**Exercise brief**
From the line containing "Merry Christmas Cowboy" to the last line of the listing, transcribe exactly and add nothing else; keep both ends and omit pictures.

**Information shown**
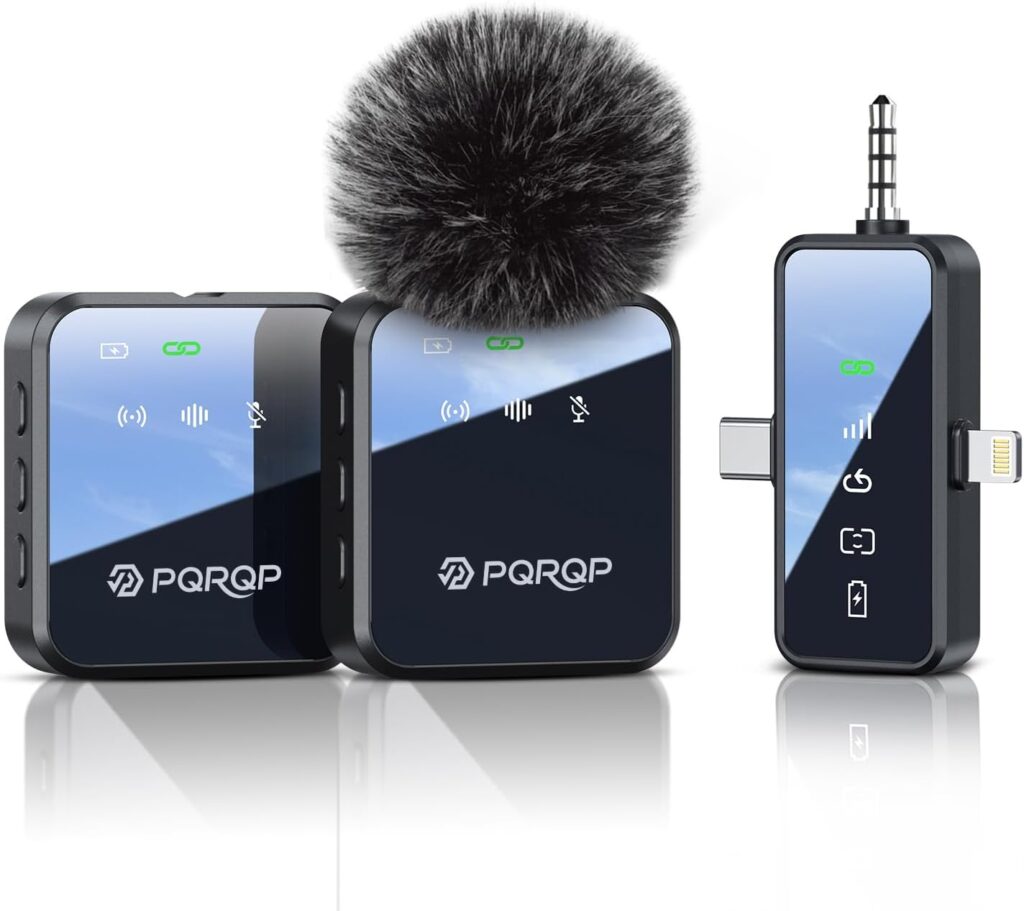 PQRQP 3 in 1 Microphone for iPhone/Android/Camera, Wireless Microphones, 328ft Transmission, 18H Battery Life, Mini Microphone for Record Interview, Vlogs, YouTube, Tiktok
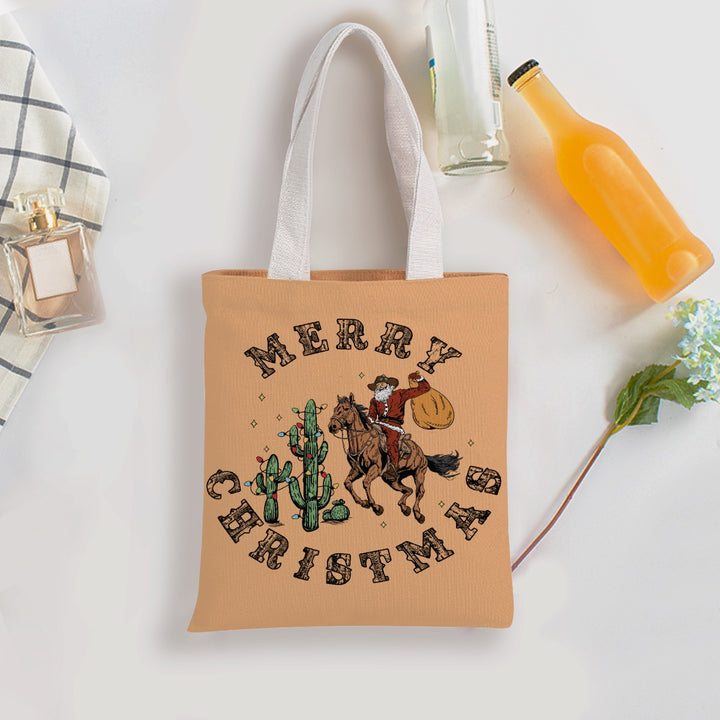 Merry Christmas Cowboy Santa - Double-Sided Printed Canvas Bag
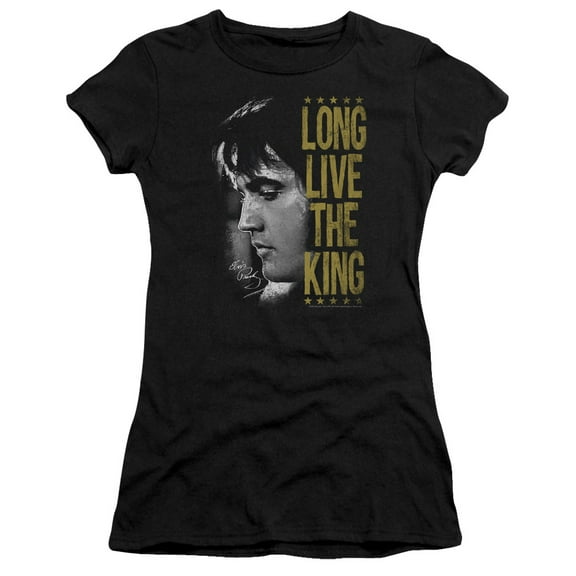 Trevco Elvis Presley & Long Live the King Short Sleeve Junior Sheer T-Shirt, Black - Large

**Answer box**
 Merry Christmas Cowboy Santa - Double-Sided Printed Canvas Bag
 Trevco Elvis Presley & Long Live the King Short Sleeve Junior Sheer T-Shirt, Black - Large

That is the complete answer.